Kohn-Sham wave functions yielding the Hartree-Fock ground-state densities of alkaline-earth and noble-gas atoms are calculated. From the Kohn-Sham wave functions the corresponding noninteracting kinetic energies and the exchange energies are calculated according to the density-functional definition. The difference between the density-functional and the Hartree-Fock exchange energies for a given electron density is found to be surprisingly small. This justifies, at least for the systems studied here, the common practice of using Hartree-Fock exchange energies as reference values to assess the quality of today's approximate density functionals for the exchange energy.
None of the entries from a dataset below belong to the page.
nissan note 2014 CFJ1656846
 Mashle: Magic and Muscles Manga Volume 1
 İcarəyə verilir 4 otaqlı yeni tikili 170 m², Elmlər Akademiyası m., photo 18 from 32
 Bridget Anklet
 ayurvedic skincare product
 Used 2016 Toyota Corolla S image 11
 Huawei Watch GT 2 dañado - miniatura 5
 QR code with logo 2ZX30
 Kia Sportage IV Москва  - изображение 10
The calculated Kohn-Sham wave functions give energies with the atomic Hamiltonian operators which are de facto identical to the corresponding values obtained from the optimized potential method. The influence of a coupling parameter turning on the electron-electron interaction on the difference between Kohn-Sham and Hartree-Fock kinetic and exchange energies is investigated. Various hybrid schemes which combine the Kohn-Sham and the Hartee-Fock methods are compared. For the atomic systems investigated here, the different exchange and correlation energies occurring in these schemes are found in most cases to deviate very little from the standard Kohn-Sham exchange and correlation energies. Finally, the formulation and validity of the Hohenberg-Kohn theorem in basis set representations are discussed.